◆ **Exercise prompt**
For the records that follow, please set down exactly the lines between the one holding "Лоток для столовых приборов 2 яруса" and the one holding "2014 Gmc Acadia", inclusive, and only those.

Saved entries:
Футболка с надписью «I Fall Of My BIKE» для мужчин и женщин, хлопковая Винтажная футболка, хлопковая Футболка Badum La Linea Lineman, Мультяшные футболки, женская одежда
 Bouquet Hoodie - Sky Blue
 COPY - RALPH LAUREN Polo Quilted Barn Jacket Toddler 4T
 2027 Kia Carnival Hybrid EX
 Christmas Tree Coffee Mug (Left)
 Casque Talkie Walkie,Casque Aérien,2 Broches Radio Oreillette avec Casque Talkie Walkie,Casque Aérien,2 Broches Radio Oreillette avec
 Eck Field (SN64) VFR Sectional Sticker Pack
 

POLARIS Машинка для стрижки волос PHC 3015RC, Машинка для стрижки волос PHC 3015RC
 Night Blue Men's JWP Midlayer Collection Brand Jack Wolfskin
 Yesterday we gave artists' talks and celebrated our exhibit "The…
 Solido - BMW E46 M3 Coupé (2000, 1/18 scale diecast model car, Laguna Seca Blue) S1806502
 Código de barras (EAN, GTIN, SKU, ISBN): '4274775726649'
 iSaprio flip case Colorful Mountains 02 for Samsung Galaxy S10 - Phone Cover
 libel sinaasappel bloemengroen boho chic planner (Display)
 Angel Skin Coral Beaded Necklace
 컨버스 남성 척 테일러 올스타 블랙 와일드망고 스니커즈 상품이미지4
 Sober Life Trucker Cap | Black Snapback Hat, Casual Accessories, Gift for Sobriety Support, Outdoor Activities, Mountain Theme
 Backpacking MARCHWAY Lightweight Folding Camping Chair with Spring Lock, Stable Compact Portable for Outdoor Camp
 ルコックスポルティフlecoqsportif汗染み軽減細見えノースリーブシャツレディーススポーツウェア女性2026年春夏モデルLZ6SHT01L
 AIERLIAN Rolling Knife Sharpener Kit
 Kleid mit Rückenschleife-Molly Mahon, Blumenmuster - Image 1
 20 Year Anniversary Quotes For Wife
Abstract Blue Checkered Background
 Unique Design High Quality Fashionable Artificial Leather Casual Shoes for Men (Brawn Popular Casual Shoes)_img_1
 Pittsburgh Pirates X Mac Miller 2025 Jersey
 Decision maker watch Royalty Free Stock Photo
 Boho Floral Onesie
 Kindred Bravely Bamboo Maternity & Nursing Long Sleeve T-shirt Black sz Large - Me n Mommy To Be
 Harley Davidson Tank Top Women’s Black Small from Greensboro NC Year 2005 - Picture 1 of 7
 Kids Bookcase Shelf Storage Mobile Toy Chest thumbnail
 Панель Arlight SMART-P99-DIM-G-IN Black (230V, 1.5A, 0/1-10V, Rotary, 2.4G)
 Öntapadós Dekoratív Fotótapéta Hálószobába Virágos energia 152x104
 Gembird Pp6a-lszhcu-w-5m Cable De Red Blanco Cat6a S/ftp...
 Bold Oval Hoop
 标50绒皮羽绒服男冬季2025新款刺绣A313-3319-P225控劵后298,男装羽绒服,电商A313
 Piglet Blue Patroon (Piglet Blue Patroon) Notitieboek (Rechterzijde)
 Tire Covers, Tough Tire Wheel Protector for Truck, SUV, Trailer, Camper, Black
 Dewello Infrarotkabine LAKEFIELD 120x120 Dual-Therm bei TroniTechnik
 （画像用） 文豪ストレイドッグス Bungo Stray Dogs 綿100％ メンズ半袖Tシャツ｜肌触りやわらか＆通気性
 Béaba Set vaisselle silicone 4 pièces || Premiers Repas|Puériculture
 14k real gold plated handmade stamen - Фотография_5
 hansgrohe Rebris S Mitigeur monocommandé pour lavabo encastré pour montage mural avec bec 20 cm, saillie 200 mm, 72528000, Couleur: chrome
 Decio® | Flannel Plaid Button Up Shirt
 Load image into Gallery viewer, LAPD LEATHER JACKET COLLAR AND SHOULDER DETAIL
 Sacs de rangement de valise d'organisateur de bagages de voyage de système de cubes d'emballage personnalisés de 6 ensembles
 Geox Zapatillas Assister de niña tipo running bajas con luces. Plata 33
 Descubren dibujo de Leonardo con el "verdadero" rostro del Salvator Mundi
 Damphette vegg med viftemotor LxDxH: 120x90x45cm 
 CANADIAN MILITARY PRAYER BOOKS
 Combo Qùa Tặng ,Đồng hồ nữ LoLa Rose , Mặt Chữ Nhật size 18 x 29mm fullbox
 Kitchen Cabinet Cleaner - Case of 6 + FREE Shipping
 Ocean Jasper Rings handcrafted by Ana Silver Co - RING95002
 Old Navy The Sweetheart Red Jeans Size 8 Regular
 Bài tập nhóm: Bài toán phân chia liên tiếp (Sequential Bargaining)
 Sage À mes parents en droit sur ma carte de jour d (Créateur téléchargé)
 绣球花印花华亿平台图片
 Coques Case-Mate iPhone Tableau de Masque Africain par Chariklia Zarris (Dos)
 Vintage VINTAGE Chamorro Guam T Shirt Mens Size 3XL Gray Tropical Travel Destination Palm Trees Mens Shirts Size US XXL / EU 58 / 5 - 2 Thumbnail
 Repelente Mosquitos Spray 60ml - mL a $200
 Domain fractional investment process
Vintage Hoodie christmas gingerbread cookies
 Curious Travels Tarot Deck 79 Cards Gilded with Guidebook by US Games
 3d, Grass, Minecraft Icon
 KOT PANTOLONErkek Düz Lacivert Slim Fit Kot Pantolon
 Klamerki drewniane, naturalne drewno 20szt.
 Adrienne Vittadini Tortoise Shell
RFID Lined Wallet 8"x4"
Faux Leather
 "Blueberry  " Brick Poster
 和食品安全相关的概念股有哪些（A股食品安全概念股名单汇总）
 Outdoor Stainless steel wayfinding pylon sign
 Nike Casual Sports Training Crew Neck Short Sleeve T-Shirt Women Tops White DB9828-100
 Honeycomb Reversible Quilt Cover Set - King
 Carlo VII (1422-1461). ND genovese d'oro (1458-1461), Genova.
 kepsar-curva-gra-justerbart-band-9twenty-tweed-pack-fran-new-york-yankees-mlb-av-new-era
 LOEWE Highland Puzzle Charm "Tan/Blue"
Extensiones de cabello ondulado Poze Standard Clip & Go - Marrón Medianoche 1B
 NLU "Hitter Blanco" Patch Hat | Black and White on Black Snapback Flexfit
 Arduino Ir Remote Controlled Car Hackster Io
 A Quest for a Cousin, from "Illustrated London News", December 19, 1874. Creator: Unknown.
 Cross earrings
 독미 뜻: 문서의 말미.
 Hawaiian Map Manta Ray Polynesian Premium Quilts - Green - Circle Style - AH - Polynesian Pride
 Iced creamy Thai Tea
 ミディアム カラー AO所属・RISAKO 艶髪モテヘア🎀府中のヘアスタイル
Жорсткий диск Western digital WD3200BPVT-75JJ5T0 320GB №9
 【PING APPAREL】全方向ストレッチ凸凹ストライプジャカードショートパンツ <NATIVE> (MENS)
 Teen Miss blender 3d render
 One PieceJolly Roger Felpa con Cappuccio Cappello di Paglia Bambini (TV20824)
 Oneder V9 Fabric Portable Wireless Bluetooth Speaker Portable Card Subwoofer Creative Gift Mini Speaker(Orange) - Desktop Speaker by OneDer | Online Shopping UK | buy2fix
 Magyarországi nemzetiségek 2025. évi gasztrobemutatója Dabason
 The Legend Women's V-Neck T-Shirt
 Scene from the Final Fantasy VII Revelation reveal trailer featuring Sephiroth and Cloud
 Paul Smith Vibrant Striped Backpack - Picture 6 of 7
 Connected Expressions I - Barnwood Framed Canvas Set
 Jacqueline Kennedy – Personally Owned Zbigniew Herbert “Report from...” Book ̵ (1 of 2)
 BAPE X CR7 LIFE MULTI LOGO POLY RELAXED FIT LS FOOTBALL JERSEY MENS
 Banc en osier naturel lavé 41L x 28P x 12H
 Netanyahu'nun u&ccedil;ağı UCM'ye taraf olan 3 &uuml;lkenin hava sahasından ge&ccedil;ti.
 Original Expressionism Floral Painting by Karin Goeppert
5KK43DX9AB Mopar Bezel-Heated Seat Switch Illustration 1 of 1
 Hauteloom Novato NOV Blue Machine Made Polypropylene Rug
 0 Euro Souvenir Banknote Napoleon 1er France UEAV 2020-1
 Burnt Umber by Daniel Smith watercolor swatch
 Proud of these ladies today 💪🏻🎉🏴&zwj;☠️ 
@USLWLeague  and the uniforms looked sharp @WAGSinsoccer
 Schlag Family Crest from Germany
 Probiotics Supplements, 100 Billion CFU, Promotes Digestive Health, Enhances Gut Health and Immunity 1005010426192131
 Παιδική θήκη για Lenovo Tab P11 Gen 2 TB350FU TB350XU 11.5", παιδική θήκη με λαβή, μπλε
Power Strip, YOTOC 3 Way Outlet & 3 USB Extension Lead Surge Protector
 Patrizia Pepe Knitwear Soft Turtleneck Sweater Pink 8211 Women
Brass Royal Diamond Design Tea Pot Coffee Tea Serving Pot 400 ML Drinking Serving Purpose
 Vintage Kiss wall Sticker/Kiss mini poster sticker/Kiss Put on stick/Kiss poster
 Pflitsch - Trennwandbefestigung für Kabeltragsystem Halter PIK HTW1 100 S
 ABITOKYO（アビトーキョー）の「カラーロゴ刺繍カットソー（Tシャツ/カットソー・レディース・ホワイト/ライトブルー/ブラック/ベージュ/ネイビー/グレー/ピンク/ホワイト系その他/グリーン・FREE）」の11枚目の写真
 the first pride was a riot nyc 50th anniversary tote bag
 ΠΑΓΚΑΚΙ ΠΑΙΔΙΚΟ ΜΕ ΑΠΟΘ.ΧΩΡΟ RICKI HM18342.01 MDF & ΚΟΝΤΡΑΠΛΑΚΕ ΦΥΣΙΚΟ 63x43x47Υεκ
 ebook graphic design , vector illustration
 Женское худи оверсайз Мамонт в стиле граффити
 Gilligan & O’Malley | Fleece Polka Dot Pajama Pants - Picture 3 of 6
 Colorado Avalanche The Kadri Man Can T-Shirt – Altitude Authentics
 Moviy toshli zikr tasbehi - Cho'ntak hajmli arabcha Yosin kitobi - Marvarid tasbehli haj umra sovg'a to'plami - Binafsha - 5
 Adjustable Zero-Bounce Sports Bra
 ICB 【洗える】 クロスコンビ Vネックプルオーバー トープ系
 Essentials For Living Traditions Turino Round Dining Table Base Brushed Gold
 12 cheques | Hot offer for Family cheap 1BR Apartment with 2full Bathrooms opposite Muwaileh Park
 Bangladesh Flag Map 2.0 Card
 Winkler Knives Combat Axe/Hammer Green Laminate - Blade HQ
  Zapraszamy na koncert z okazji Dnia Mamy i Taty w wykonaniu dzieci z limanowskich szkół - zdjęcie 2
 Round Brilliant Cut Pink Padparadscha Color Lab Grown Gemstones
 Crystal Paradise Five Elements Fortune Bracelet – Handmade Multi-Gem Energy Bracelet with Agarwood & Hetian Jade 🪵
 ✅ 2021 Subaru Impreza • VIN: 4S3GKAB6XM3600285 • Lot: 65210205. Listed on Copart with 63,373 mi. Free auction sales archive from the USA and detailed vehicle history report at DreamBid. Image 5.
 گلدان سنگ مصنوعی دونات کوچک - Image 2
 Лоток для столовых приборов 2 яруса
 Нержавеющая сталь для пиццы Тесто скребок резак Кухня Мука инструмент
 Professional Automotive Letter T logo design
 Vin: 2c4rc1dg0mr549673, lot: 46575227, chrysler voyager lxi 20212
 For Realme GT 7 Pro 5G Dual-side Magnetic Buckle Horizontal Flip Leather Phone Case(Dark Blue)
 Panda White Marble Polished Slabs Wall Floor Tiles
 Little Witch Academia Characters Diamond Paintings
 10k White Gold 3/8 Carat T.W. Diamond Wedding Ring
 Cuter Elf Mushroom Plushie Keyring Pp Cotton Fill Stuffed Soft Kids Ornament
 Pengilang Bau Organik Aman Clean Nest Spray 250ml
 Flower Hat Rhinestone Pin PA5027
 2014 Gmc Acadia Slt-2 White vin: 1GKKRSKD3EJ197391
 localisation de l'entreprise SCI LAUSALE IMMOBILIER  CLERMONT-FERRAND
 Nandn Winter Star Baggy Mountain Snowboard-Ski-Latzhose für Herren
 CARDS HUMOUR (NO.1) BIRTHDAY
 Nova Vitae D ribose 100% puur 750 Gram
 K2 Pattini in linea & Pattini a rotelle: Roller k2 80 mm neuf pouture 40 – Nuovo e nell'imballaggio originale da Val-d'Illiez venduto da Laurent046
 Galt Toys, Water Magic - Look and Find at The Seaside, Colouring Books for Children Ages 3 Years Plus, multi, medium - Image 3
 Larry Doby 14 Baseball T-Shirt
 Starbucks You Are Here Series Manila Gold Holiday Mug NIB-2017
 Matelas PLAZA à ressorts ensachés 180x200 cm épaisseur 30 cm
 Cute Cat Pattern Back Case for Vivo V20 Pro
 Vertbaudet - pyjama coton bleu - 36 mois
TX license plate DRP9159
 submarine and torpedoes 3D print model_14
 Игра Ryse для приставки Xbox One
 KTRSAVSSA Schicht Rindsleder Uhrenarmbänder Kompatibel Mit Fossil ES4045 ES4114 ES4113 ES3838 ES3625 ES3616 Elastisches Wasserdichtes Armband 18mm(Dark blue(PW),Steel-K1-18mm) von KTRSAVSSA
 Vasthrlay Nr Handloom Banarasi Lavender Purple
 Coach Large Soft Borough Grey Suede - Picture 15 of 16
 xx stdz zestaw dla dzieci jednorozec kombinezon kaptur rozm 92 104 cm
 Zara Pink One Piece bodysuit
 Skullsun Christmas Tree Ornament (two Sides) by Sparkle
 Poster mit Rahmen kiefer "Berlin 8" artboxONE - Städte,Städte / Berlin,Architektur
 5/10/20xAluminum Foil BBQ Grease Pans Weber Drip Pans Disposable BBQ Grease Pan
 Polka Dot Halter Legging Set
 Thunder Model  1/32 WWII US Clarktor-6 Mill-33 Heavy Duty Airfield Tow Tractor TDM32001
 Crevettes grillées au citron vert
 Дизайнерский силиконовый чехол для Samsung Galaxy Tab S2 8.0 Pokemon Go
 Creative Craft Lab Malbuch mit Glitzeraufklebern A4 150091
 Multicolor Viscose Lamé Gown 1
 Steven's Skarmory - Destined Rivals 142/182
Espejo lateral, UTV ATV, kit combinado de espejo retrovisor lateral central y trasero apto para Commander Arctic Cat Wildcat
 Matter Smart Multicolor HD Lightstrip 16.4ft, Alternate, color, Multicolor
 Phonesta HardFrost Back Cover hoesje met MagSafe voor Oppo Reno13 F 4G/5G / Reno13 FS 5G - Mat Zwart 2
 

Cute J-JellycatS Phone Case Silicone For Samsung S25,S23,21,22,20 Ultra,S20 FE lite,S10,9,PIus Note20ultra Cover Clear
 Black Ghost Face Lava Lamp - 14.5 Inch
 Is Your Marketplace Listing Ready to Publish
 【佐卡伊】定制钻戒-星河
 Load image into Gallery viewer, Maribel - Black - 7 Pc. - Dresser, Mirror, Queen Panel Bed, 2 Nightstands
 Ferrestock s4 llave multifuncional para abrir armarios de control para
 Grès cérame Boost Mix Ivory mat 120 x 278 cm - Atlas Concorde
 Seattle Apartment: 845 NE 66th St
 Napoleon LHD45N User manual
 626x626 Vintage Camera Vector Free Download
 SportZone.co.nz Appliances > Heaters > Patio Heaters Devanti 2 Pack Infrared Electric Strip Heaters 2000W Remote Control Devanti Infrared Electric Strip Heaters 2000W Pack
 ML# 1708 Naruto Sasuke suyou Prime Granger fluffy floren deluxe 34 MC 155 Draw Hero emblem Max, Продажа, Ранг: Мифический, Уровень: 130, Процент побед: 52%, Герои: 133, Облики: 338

◆ **Result of this exercise**
 Лоток для столовых приборов 2 яруса
 Нержавеющая сталь для пиццы Тесто скребок резак Кухня Мука инструмент
 Professional Automotive Letter T logo design
 Vin: 2c4rc1dg0mr549673, lot: 46575227, chrysler voyager lxi 20212
 For Realme GT 7 Pro 5G Dual-side Magnetic Buckle Horizontal Flip Leather Phone Case(Dark Blue)
 Panda White Marble Polished Slabs Wall Floor Tiles
 Little Witch Academia Characters Diamond Paintings
 10k White Gold 3/8 Carat T.W. Diamond Wedding Ring
 Cuter Elf Mushroom Plushie Keyring Pp Cotton Fill Stuffed Soft Kids Ornament
 Pengilang Bau Organik Aman Clean Nest Spray 250ml
 Flower Hat Rhinestone Pin PA5027
 2014 Gmc Acadia Slt-2 White vin: 1GKKRSKD3EJ197391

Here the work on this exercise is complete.